Education is the most powerful weapon we can use to change the world.” Nelson Mandela (1918 – 2013, former President of South Africa)

Switzerland and Madagascar are two countries with very different education systems.

The exchange between Switzerland and Madagascar via AiNA soa made us aware of the complexity of cultural differences.  Our culture is shaped by the education that each of us has acquired.

Education in Switzerland is compulsory and free until the age of 16. Switzerland also has a highly developed vocational apprenticeship system that allows students to acquire technical skills in areas such as crafts or industry.

In Madagascar, access to education is much more limited due to poverty and a lack of infrastructure. A lot of children cannot go to school because they have to work to support their families. In fact, many Malagasy families want their children to be educated and to go to school. Unfortunately, the economic situation is partly a reason why many children cannot have this opportunity.

Switzerland is known for the quality of its education system, which is reflected in the high rank of students on international tests. Teachers are highly qualified and benefit from the in-service training system.

In Madagascar, the quality of education is often insufficient due to a lack of resources. In addition, insufficient teacher training is an important cause of the downgrading of the quality of education.

Switzerland invests heavily in education, with a high education budget and strong government involvement. In Madagascar, investment in education is much more limited, and priority is given to other sectors.

In view of the diversity of the two countries, AiNA soa is committed to building the capacity of the Malagasy society with the support of people in Switzerland. Our action is a drop in the ocean compared to the immense difficulties that Madagascar faces in providing adequate knowledge to its population.

AiNA soa focuses in sharing knowledge through training and the book Vonjy Aina. People’s capacity has been developed since the beginning of the organization. It is this vision that people in Switzerland support.

Our team is professional in first aid training. AiNA soa trainers give clear explanations about the basic gestures and why they should apply them.
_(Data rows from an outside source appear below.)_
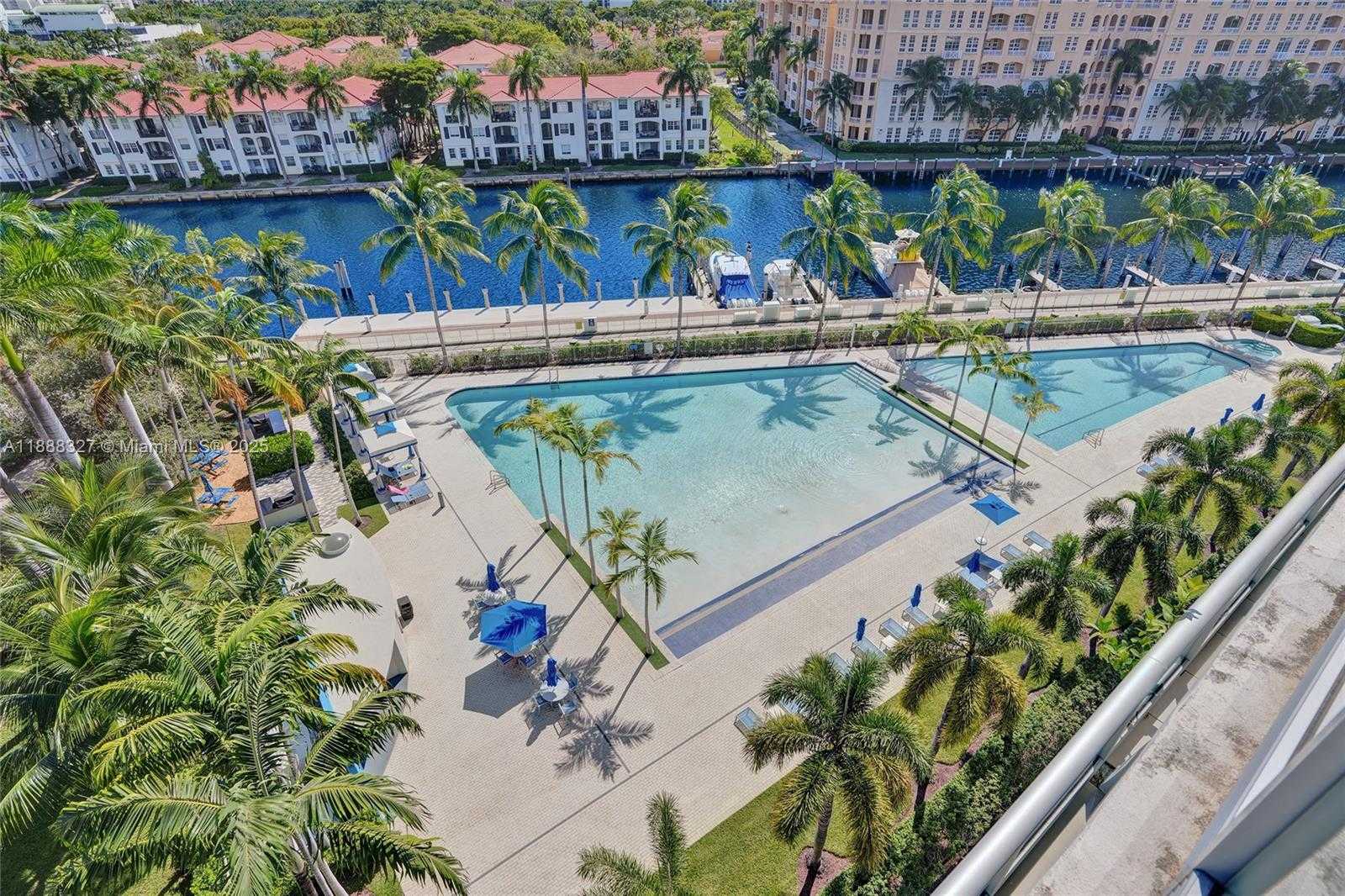 Small Image of Aventura Number 65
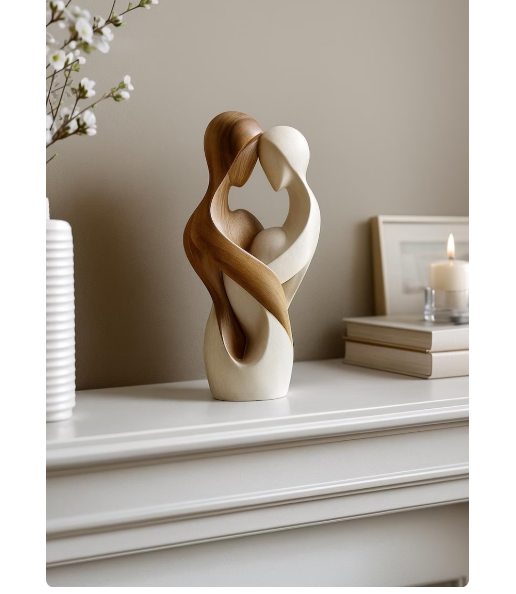 Sculpture couple en bois naturel — décoration moderne romantique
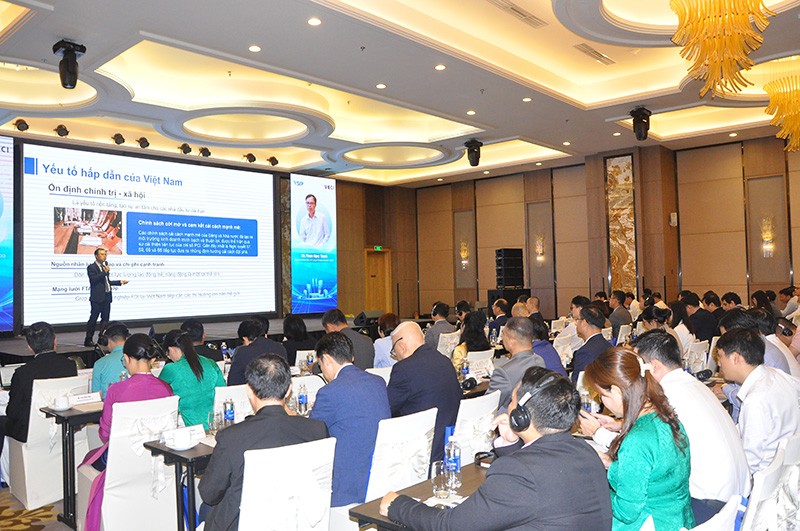 Ông Phạm Ngọc Thạch - Phó Trưởng Ban Pháp chế, Liên đoàn Thương mại và Công nghiệp Việt Nam trình bày tham luận tại Hội thảo.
I am always surprised by the satisfaction of the participants. The training helps to prevent unfounded beliefs in society to do inappropriate gestures for a simple act of first aid.

I believe Madagascar has found a good example from Switzerland on security and emergency preparedness. There, the above topics are considered as a collective responsibility and a priority for the community. Companies, organizations and citizens are encouraged to be trained in first aid. As for here, the safety culture is less developed, and people are often less aware of potential risks.

The two countries have very different education systems in terms of access, quality of training, language of instruction, equipment and safety culture. It is important to recognise these differences and to continue working together to improve what lacks in developing countries like Madagascar.